Venison tartare is tossed simply with Dijon mustard, shallots, good olive oil, the zest and juice of a lemon, a few cracks of black peppercorns, and some really good sea salt. Then cover that mound of venison tartare with warm buttery bone marrow drippings.

At La Palette we served horse tartare. People would come for this dish like fiending crackheads to their dealers. Once customers tasted that raw horse, they went mad for it. I know eating horse is controversial. People fear what they don’t understand. These beautiful, smart, strong animals are often raised for the purpose of eating, much like beloved cows, pigs, lamb, rabbits, goats, chickens, turkeys, quails, trout, deer, wild boar . . .

There are so many variations of tartare, and everyone has their favorite. I like mine simple, so the meat can shine.

SERVES: 6

PREP TIME: 1½ HOURS

4 (2-inch/5 cm) pieces bone marrow

1 sprig rosemary

2 cloves garlic, peeled

1 pound (455 g) venison tenderloin

2 tablespoons peeled and finely diced shallots

2 egg yolks

1 tablespoon Dijon mustard, plus more as needed

Tabasco sauce

Zest and juice of 1 lemon

1 handful chopped flat-leaf parsley

Good olive oil

Kosher salt

1 loaf good sourdough bread, sliced

Cornichons, for serving (optional)

Preheat the oven to 350°F (175°C). In an oven-safe pan, roast the bone marrow until the fat is fully rendered, 15 minutes. Add the rosemary and garlic and roast 20 more minutes. Remove the pan from the oven and pour the warm marrow fat into a small saucepan; reserve. Discard the bones.

Cut the tenderloin into thin slices against the grain, then pile it together. You should slice the meat and make little stacks of 5 slices. You should have 6 piles; each pile is a portion. Line up these little stacks on your cutting board.
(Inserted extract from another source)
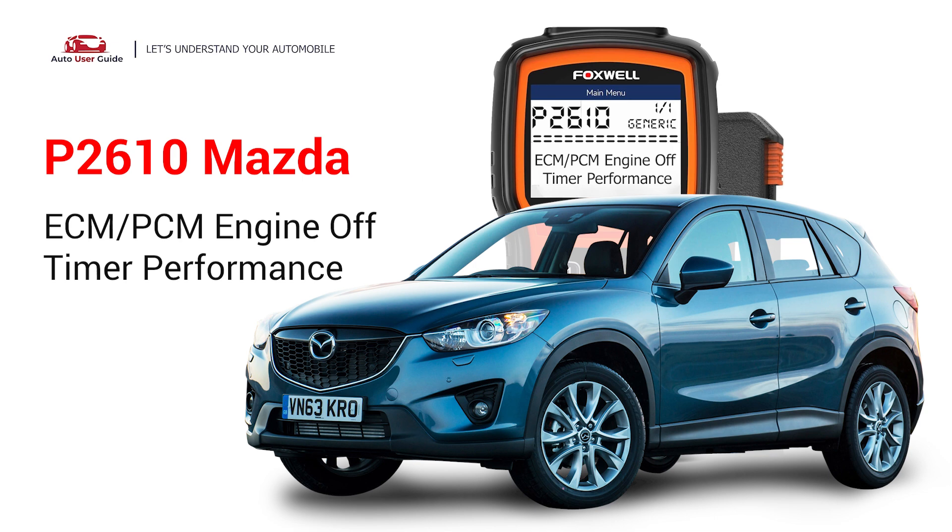This repair video for the P2610 error code is specifically tailored for Mazda drivers. If your Mazda is showing up the P2610 code, this is for you.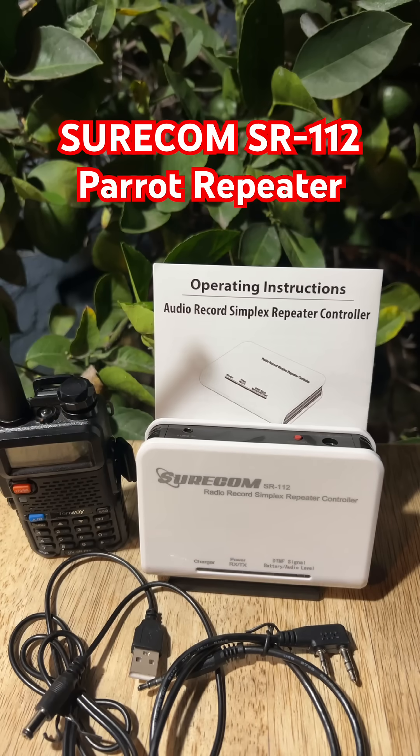When disaster hits — earthquakes, hurricanes, whatever — the first thing to fail is the cellular network. That's why I got the Shurcom SR-112 Simplex repeater last year. This little box can keep your family and community connected when everything else goes dark.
Then julienne those stacks and dice. Place the meat on a paper towel–lined plate and place in the fridge, uncovered, for up to 1 hour. In the meantime, prepare the rest of the recipe.

Remove the meat from the fridge and place in a bowl. Add the shallots, egg yolks, mustard, 7 splashes of Tabasco, lemon zest, half the lemon juice, and the parsley. Now drizzle enough olive oil to make it look like a glistening Arctic glacier. It shouldn’t be swimming in oil, but it should be enough to make it loose and yet still together. It should have the consistency of an oozing, warm egg yolk. Gently stir until combined but not mashed. Keep the meat moving, using your spoon to dig into the yolks, breaking them into an oozy mess that coats the meat. Keep stirring until it becomes one mass; taste. Add salt if needed; if it needs acid, add more lemon juice; if it needs tang, add more mustard.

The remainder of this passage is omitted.